Imaginary Friends

Angels and Spirit Guides

Do you remember when you were younger and you had imaginary friends?

These imaginary friends were either angels or spirit guides. The difference between angels and spirit guides are that angels never lived in earthly bodies. They have always been in spirit form whereas spirit guides once inhabited the earth as humans. These spirit guides/angels comforted the children at specific times in their lives.

It is said that we have at least two guardian angels with us our whole lives, one who is a more dominant presence who continually reminds us to stay on track with our divine purpose and the other who is a more gentle angel who brings constant comfort. Aside from our guardian angels, there are many angels and spirit guides who come and go in our lives depending on our specific needs at the time.

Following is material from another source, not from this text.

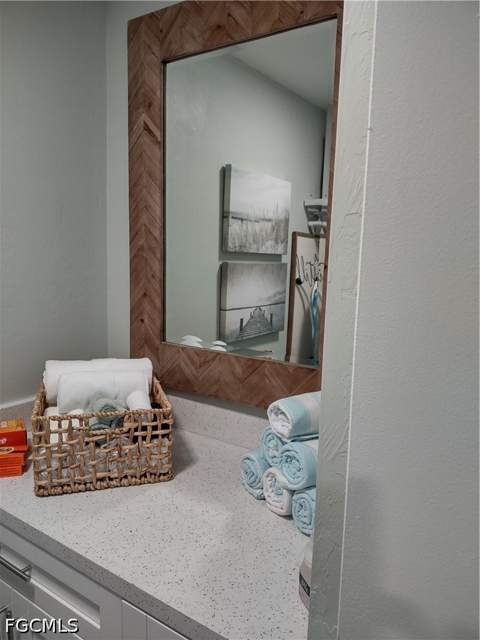 5500 Bonita Beach Rd 508, Bonita Springs FL - photo 21 of 36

Angels are non-threatening, pure love beings. They will never cause you to feel afraid. Their presence is always welcome, peaceful and comforting.

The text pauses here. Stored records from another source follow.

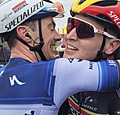 Merlier of Jakobsen in Tour de France? Lefevere moet knopen doorhakken
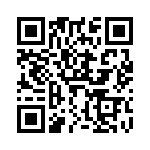 V20E130PL4B QRCode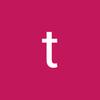 Profile Picture of tracy forth (@@frothy5) on Tiktok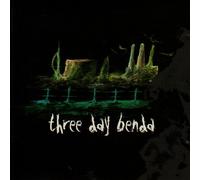 Sound of the Suburbs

Spirit guides, on the other hand, have been human before, and can understand what we go through here on earth, our trials and tribulations, frustrations and fears. They may also be deceased family members who watch over us.

Children see these spirit guides and angels very plainly and clearly. They accept their presence naturally and don’t filter out what they see. It is only after being ridiculed or made to feel that we are imagining things that we lose this natural sight, even though our angels and spirit guides are still there, just waiting to help us if we ask.

It is sad that so often, they cannot do very much for us except in situations where we would die before our time. It is only then that they can intervene due to the laws of free will. We must ask for their help and they so want to help us. Nothing is too trivial to ask for. Ask them to give you a sign that they are with you and pay attention to what you see, hear, feel and sense. Your world can be so much sweeter if you invite them into it. You need not ever feel alone again.

It is interesting to note that these imaginary friends often show up at times of stress, fear and loneliness.  

For example, my sister and I had Martha and Mary. They played with us on the swings in my father’s back yard when we were around 4 and 6 years old.  They only showed up when we were at my father’s house which is interesting because my parents were divorced and my sister and I often felt confused and lonely when we were at my dad’s.  I don’t think he knew what to do with us so we were often left to our own devices when we had visitation with him, but Martha and Mary were always there to keep us company and make us feel safe.

My cousin was kind of an only child as her brother was much older and had already gotten married and lived in his own home.  I remember how much she loved sleeping at our house because she was often alone.  She had Tim and Bim and they were so real that we just accepted them without giving it a second thought.  Tim and Bim were my cousin’s closest friends and she talked about them so much, my sister and I felt like we knew them.

My grandson died in a daycare at 3 ½ months old.  My granddaughter, who was 4 at the time, was at the same daycare with him when he passed.  It was a lot to deal with at 4 years old and she surely couldn’t process her feelings at such a young and tender age. Her and her baby brother had a very special connection and I believe they very much still do.  She often snuggled with his blanket, and was chattering about and appeared to be completely engaged playing with someone who was very present. When asked about it, she very plainly stated that she was playing with her brother.